◆ **ACTION ITEM**: Go to the line with "Singapore-2024-Childhood-Hobbies-MUH" in the material below and copy from there through the line with "10525 Albemarle Road", exactly. Pictures are not copied.

◆ **THE INPUT**:

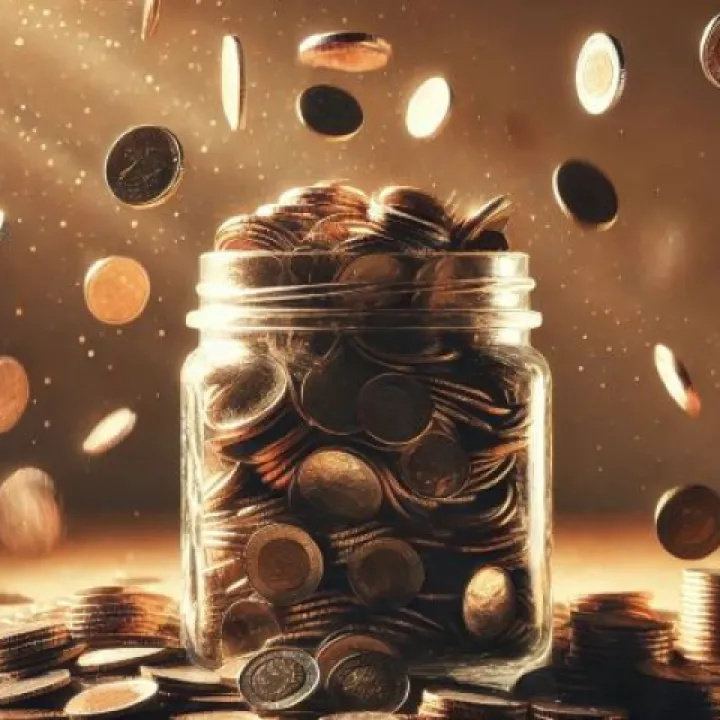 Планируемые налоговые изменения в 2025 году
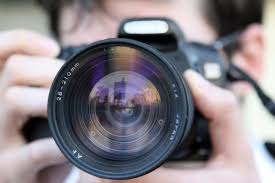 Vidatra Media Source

--

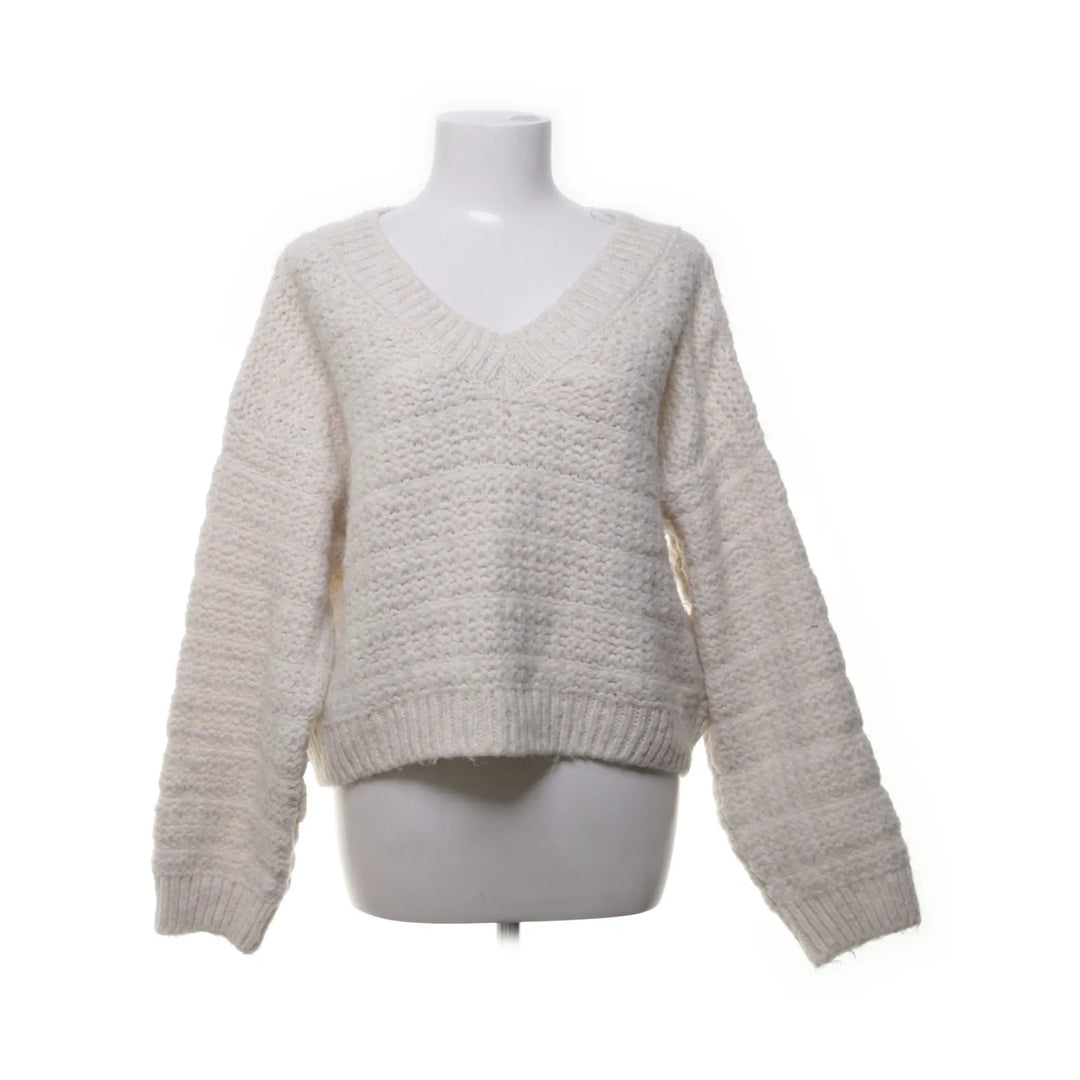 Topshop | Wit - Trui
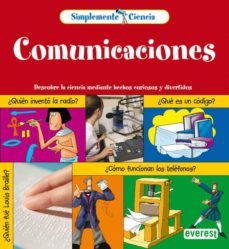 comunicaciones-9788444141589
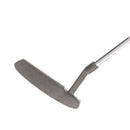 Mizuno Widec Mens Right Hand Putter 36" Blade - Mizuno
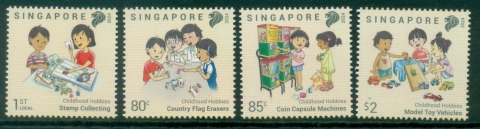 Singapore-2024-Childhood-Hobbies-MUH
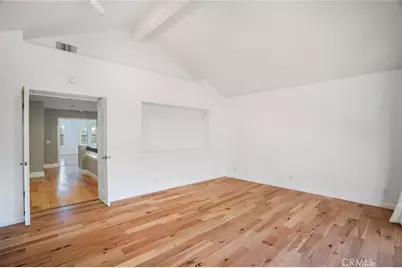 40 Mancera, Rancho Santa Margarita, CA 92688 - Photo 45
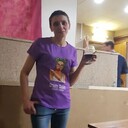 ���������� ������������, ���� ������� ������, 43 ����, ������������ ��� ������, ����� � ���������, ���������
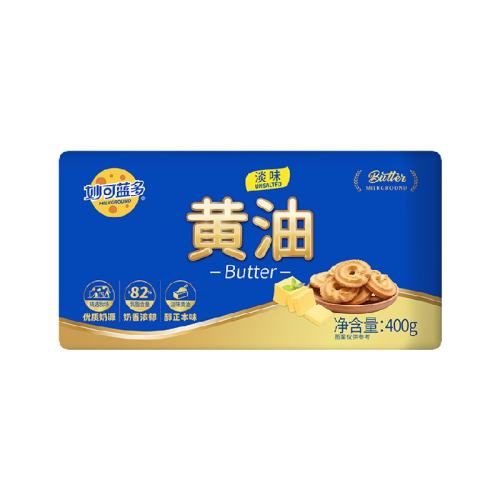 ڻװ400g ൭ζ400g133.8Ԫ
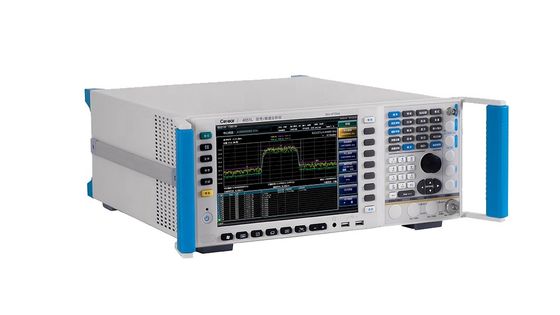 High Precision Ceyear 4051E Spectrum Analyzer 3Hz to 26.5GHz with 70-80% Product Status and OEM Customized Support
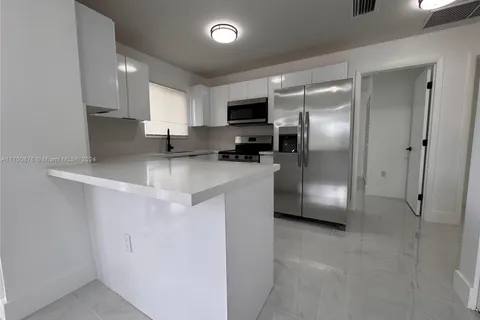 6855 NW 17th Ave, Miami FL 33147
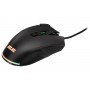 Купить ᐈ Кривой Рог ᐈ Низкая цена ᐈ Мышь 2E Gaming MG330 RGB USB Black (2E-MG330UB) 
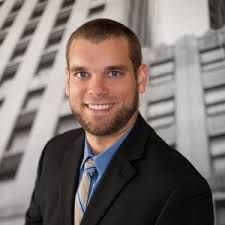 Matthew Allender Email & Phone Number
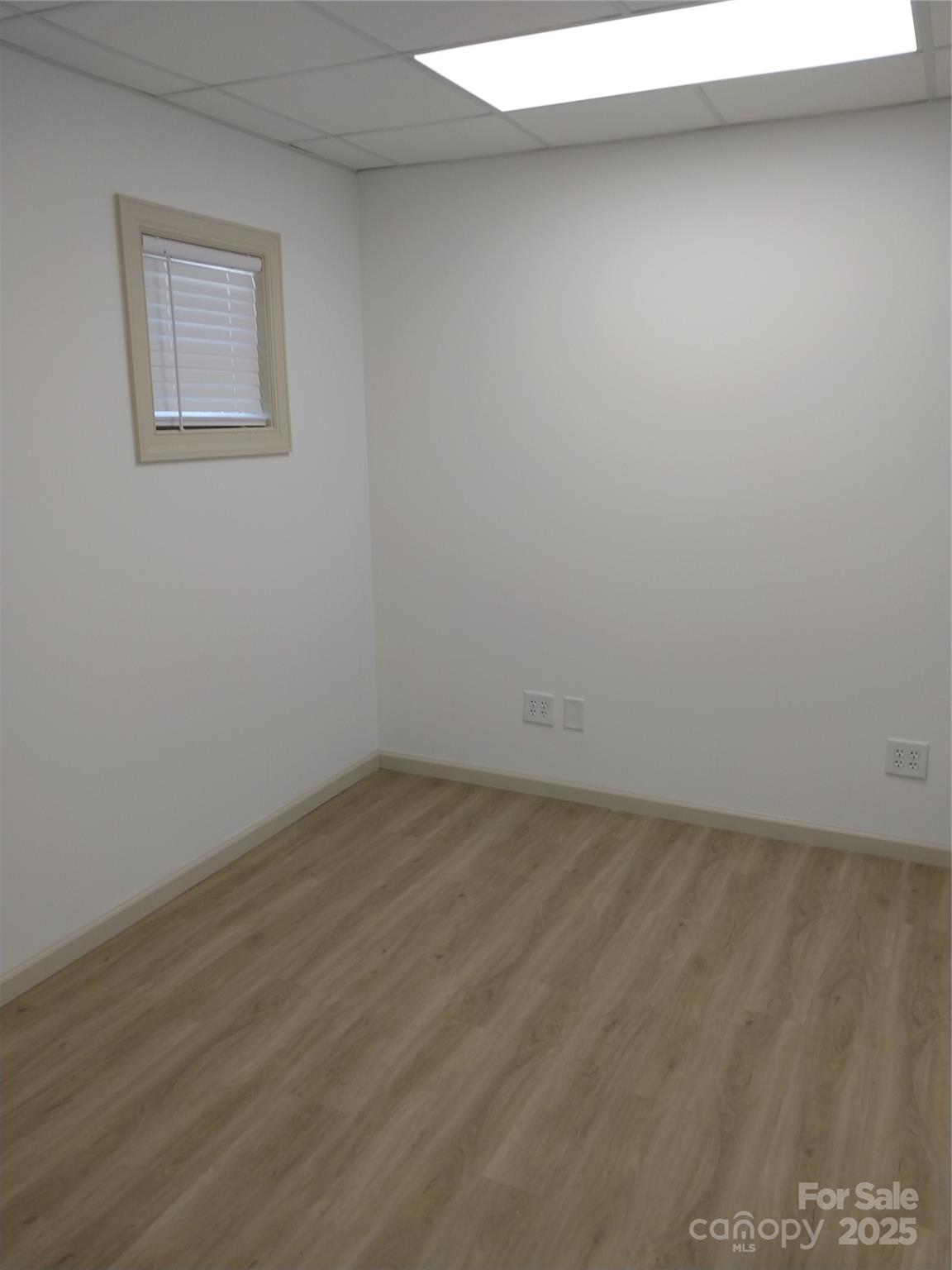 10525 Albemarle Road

◆ **EXPECTED ANSWER**:
 Singapore-2024-Childhood-Hobbies-MUH
 40 Mancera, Rancho Santa Margarita, CA 92688 - Photo 45
 ���������� ������������, ���� ������� ������, 43 ����, ������������ ��� ������, ����� � ���������, ���������
 ڻװ400g ൭ζ400g133.8Ԫ
 High Precision Ceyear 4051E Spectrum Analyzer 3Hz to 26.5GHz with 70-80% Product Status and OEM Customized Support
 6855 NW 17th Ave, Miami FL 33147
 Купить ᐈ Кривой Рог ᐈ Низкая цена ᐈ Мышь 2E Gaming MG330 RGB USB Black (2E-MG330UB) 
 Matthew Allender Email & Phone Number
 10525 Albemarle Road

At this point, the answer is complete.